**Exercise objective**
In the entries that follow, the lines from the one with "ドッグタグ 象嵌 夜とミミズク" through the one with "21 Breenagh Place Massey_10" are the ones to write out, exactly and with both ends included. Nothing else should appear.
*** Opening of Dataset records ***
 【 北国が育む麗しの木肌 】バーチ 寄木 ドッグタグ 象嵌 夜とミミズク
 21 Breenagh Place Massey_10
*** Close of Dataset records ***
*** Opening of Dataset records ***
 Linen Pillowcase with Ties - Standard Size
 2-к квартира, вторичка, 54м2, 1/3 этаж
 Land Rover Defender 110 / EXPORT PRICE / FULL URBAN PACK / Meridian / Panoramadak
*** Close of Dataset records ***
*** Opening of Dataset records ***
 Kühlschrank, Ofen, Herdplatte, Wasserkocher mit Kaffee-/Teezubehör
*** Close of Dataset records ***
**Exercise solution**
 【 北国が育む麗しの木肌 】バーチ 寄木 ドッグタグ 象嵌 夜とミミズク
 21 Breenagh Place Massey_10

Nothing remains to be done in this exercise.